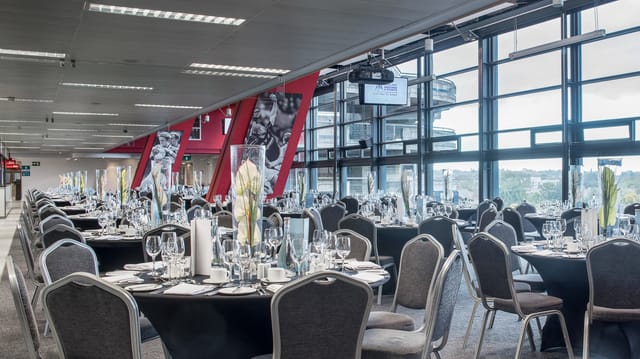 Cusack Suite in Croke Park, elegant dining setup for corporate events and celebrations.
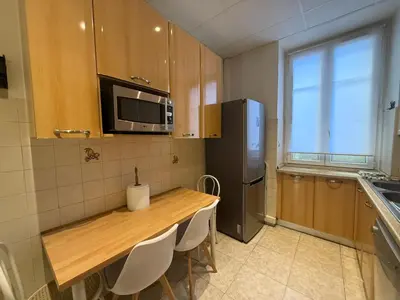 a kitchen with a wooden table and a refrigerator at Spacieux appartement climatisé centre Nice in Nice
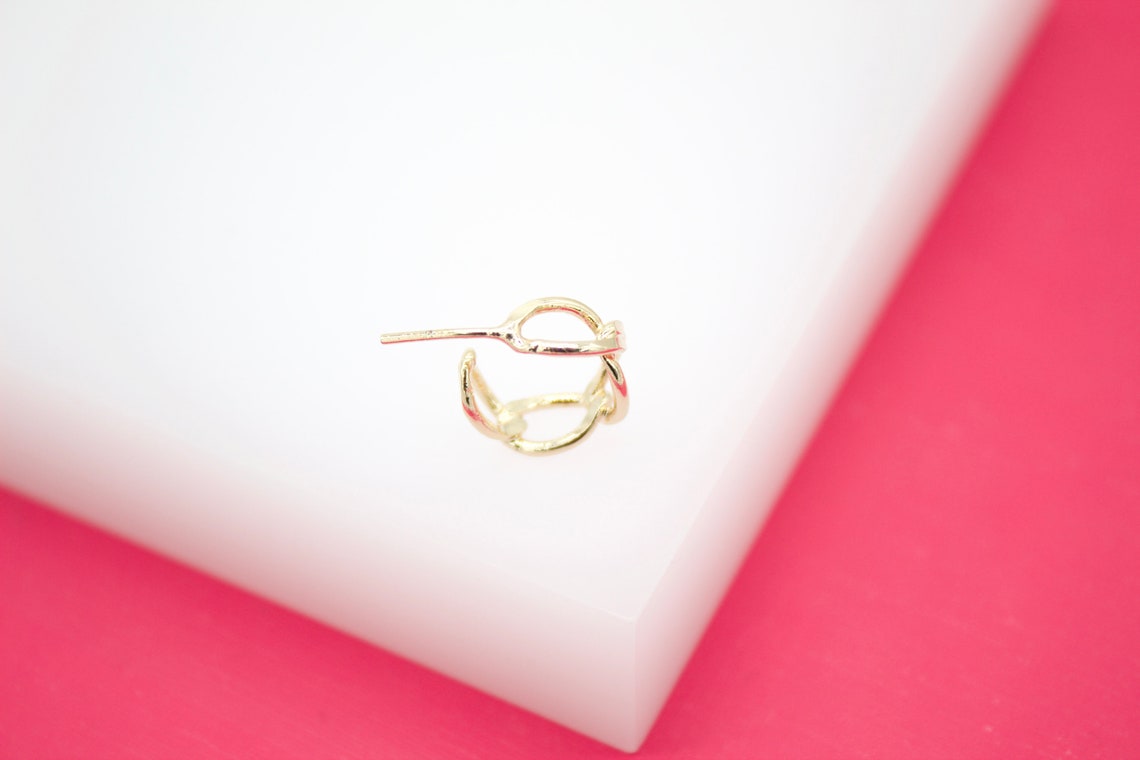 A delicate gold hoop earring rests on a white display surface against a vibrant pink background.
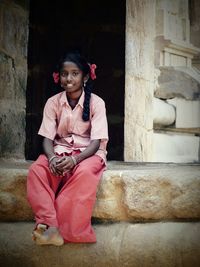 Young woman standing in front of building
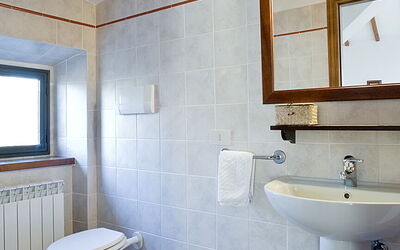 Colombaio: Mirror, Property, Sink, Plumbing Fixture, Bathroom Sink, Blue, Purple, Window, Bathroom, Lighting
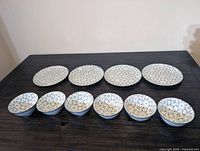 Overhead view of entire set showing four plates and six bowls
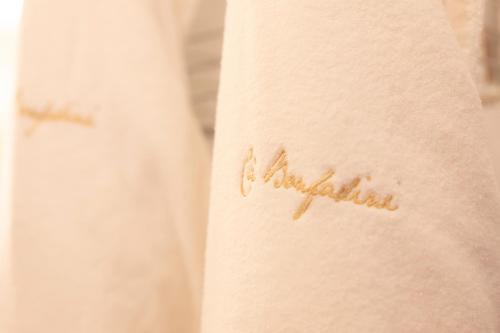 a tattoo of the word australia on the arm at Ca' Bonfadini Historic Experience in Venice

---------------

* What you will do *
Could you restate exactly the lines from the line containing "A delicate gold" through the end of the listing, both ends included and nothing else, leaving the images out?

* Solution *
 A delicate gold hoop earring rests on a white display surface against a vibrant pink background.
 Young woman standing in front of building
 Colombaio: Mirror, Property, Sink, Plumbing Fixture, Bathroom Sink, Blue, Purple, Window, Bathroom, Lighting
 Overhead view of entire set showing four plates and six bowls
 a tattoo of the word australia on the arm at Ca' Bonfadini Historic Experience in Venice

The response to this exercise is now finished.